1 research outputs found
Computing methods for parallel processing and analysis on complex networks
Nowadays to solve some problems is required to model complex systems to simulate and
understand its behavior.
A good example of one of those complex systems is the Facebook Social Network, this
system represents people and their relationships, Other example, the Internet composed
by a vast number of servers, computers, modems and routers, All Science field (physics,
economics political, and so on) have complex systems which are complex because of the
big volume of data required to represent them and their fast change on their structure
Analyze the behavior of these complex systems is important to create simulations or
discover dynamics over it with main goal of understand how it works.

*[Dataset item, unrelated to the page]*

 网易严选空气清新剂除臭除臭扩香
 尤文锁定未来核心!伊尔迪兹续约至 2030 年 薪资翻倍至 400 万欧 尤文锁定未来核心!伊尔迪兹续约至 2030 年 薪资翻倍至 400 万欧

Some complex systems cannot be easily modeled; We can begin by analyzing their
structure, this is possible creating a network model, Mapping the problem´s entities and
the relations between them.
Some popular analysis over the structure of a network are:
• The Community Detection – discover how their entities are grouped
• Identify the most important entities – measure the node´s influence over the
network
• Features over whole network like – the diameter, number of triangles, clustering
coefficient, and the shortest path between two entities.
Multiple algorithms have been created to give a result to these analyses over the network
model although if they are executed by one machine take a lot of time to complete the task
or may not be executed due to machine limitation resources.

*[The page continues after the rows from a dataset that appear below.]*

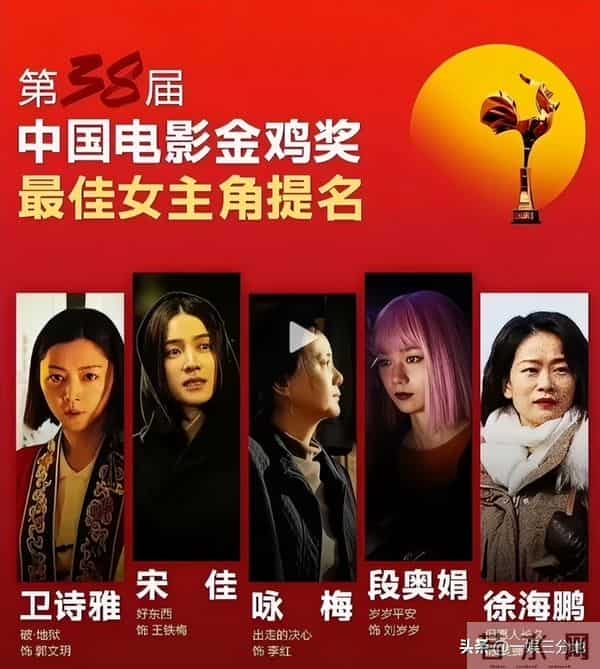 赢过惠英红,获奖感言忘词,她捂脸假哭没人买账,台下众星绷不住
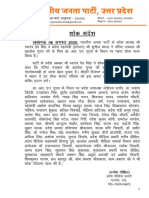BJP UP News-(01) 06_August_2020.pdf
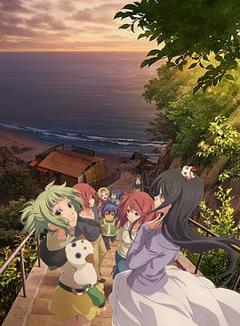 《蓝海少女 第二季》
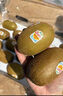 佳沛（zespri）新西兰阳光金奇异果 8个装 特大果单果重约122-146g 水果猕猴桃 实拍图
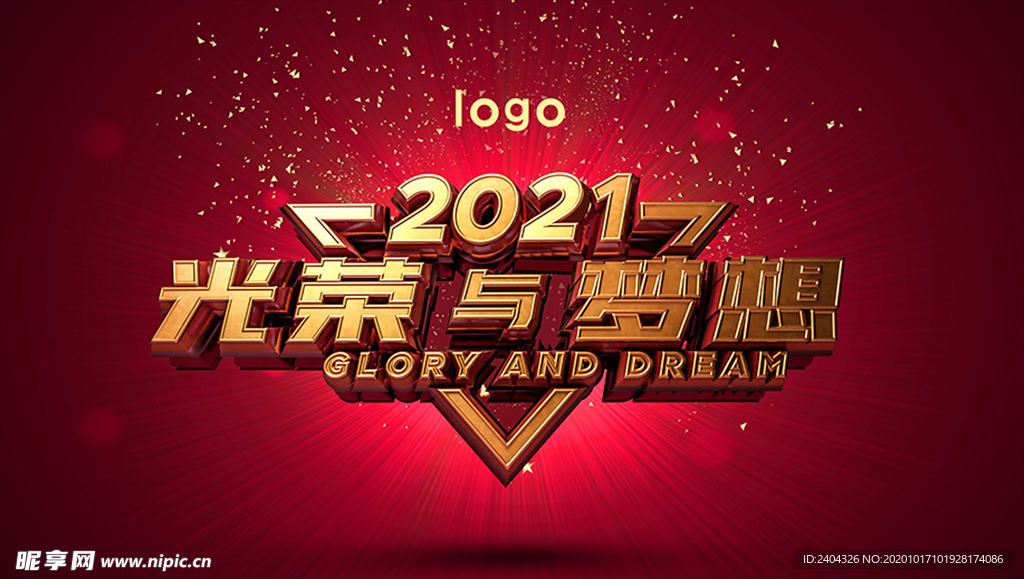 2021 光荣与梦想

As more demanding applications have been appearing to process the algorithms of these
type of analysis, several parallel programming models and different kind of hardware
architecture have been created to deal with the big input of data, reduce the time
execution, save power consumption and enhance the efficiency in the computation in each
machine also taking in mine the application requirements.
Parallelize these algorithms are a challenge due to:
• We need to analyze data dependence to implement a parallel version of the
algorithm always taking in mine the scalability and the performance of the code.
• Create a implementation of the algorithm for one parallel programming model like
MapReduce (Apache Hadoop), RDD (Apache Spark), Pregel(Apache Giraph) these
oriented to bigdata or HPC models how MPI + OpenMP , OmpSS or CUDA.
• Distribute the data input over the processing platform for each node or offload it
into accelerators such as GPU or FPGA and so on.
• Store the data input and store the result of the processing requires techniques of
Distribute file systems(HDFS), distribute NoSQL Data Bases (Object Data Bases,
Graph Data Bases, Document Data Bases) or traditional relational Data
Bases(oracle, SQL server).
In this Master Thesis, we decided create Graph processing using Apache bigdata Tools
mainly creating testing over MareNostrum III and the Amazon cloud for some Community
Detection Algorithms using SNAP Graphs with ground-truth communities.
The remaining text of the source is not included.